As of Friday morning, containment lines had been carved around roughly 30 percent of its 353 acres. Hand crews were to continue to strengthen fire lines along the northwest flank of the fire, and also continue to reinforce fire lines along Tonahutu Creek with the goal of completing hose lays, installing sprinklers, improving and mopping up existing burned areas along the southern flank of the fire.
The fire, 3 miles east of Trail Ridge Road and about 5 miles north of Grand Lake on the west side of the park, was sparked by lightning and was burning in mixed conifer forest types with a component of beetle-killed lodgepole pine.
Firefighting resources on the fire Friday included an initial attack module of eight firefighters, two interagency 20-person Type I hotshot crews, two interagency 20-person Type II handcrews, and five fire engines. Three additional Type I hotshot crews have been ordered and were expected to arrive by day's end.
Available air resources include two ‘air attack’ small planes used for fire reconnaissance, two light helicopters, a medium helicopter, and one large heavy helicopter. A National Guard Blackhawk helicopter was on standby to assist fire operations in the event of a medical emergency.

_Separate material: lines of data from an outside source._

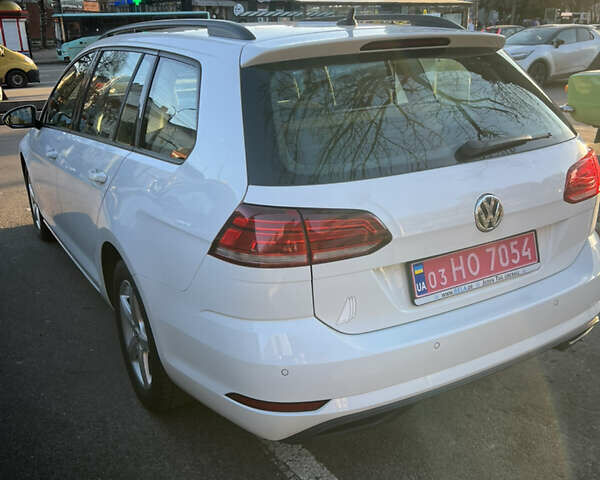 Белый Фольксваген Гольф, объемом двигателя 1.6 л и пробегом 273 тыс. км за 13600 $, фото 9 на Automoto.ua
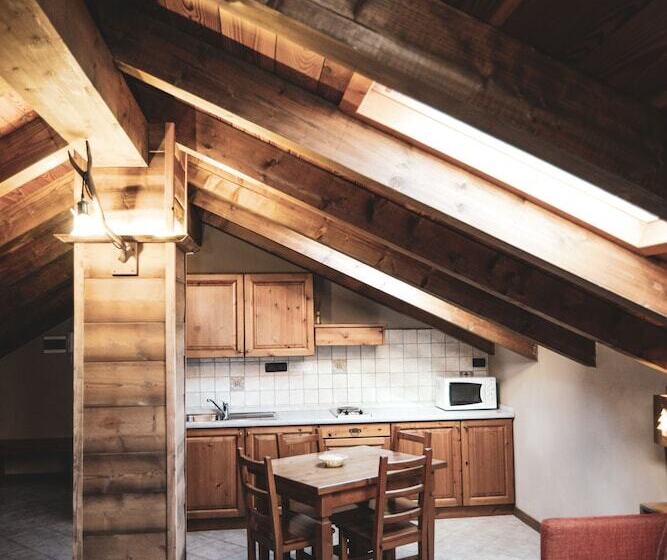 스탠다드 스튜디오, Chalet Della Guida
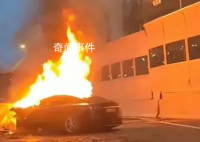 特斯拉撞上高架石墩起火 目擊者發(fā)聲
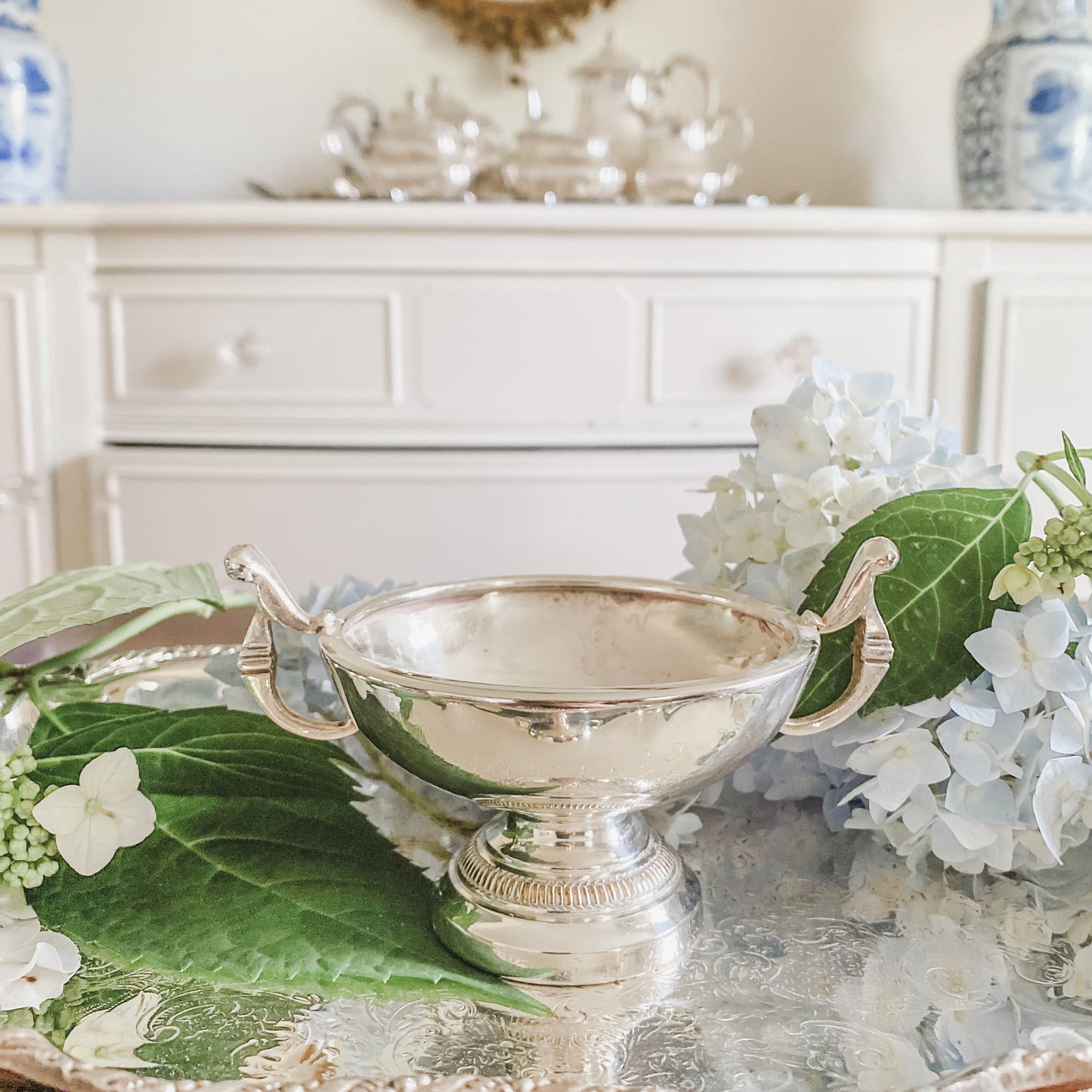 Miniature loving cup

Little change in the weather was anticipated Friday, with the forecast calling for afternoon winds of 10-15 mph with gusts to 25 mph. A chance for afternoon thunderstorms was to persist throughout the weekend, but little moisture was expected from these storms.
There remains no imminent threat to any communities or structures; Rocky Mountain National Park remains open.

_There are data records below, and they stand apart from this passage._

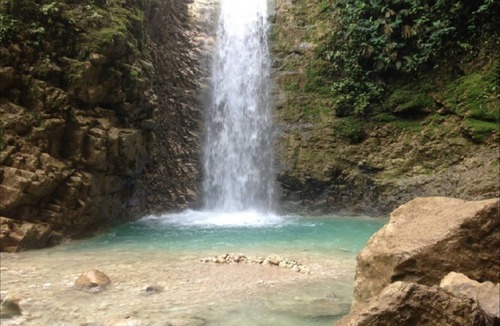 Guaycara House | Play in Dramatic Waterfalls - Swim in Beauty - Sleeps 12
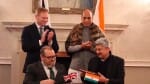 ब्रिटेन दौरे पर रक्षा मंत्री राजनाथ सिंह, ब्रिटिश समकक्ष ग्रांट शाप्स की मौजूदगी में अहम समझौते हुए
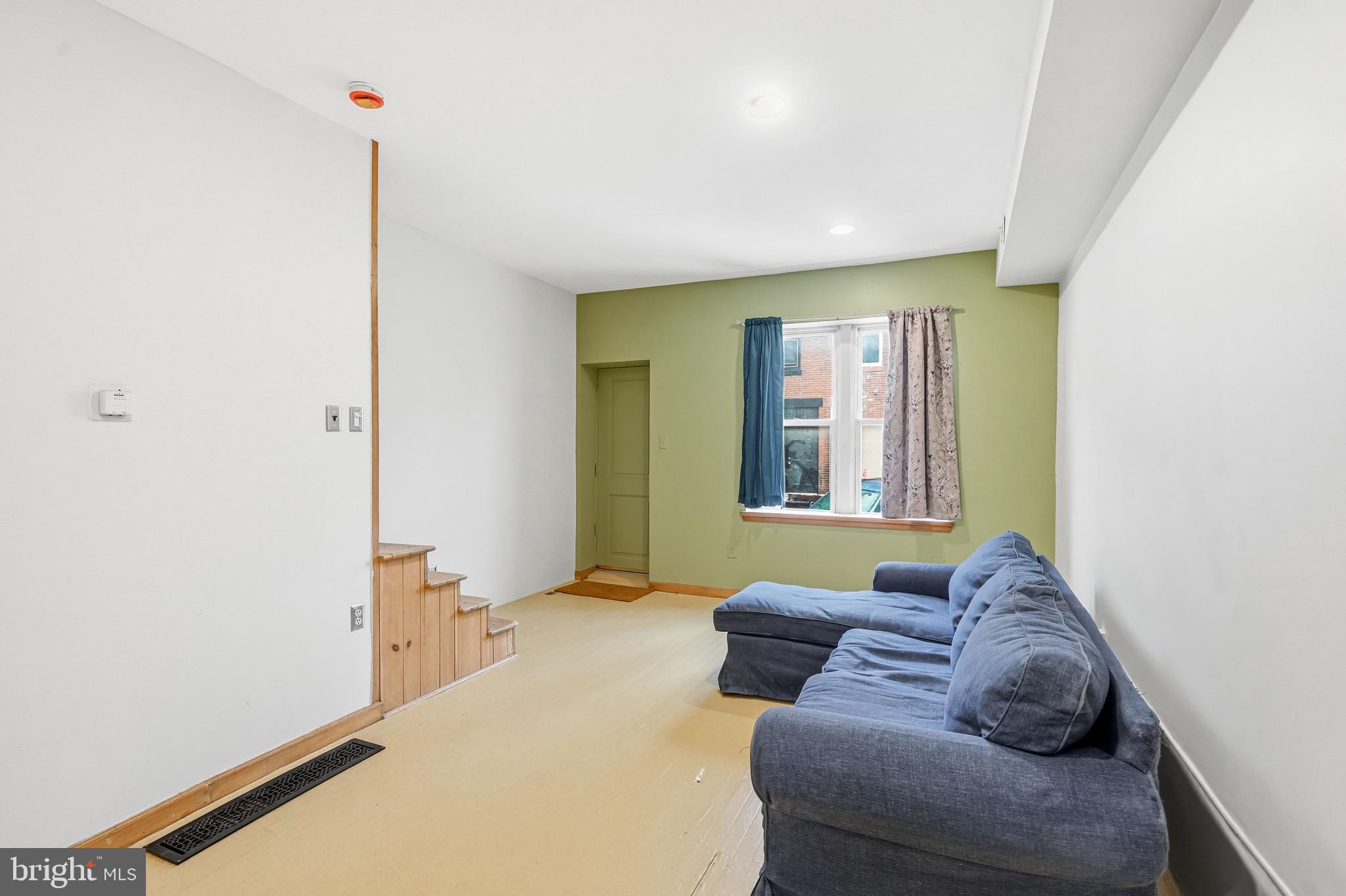 KENSINGTON - Residential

Seven trails have been temporarily closed in the area – the Onahu Trail, the Green Mountain Trail, the lower Tonahutu Trail, the Tonahutu Spur Trail, the Grand Lake Lodge Spur Trail, the Timber Lake Trail, and the trail that branches toward Mount Ida from Milner Pass. Trail closures do affect a section of the Continental Divide Trail that passes through the park.
All major roads and facilities in Rocky Mountain National Park are open as are the neighboring communities of Grand Lake and Estes Park. Visitors to the west side of the park are strongly cautioned to be aware of increased traffic and aircraft associated with the fire.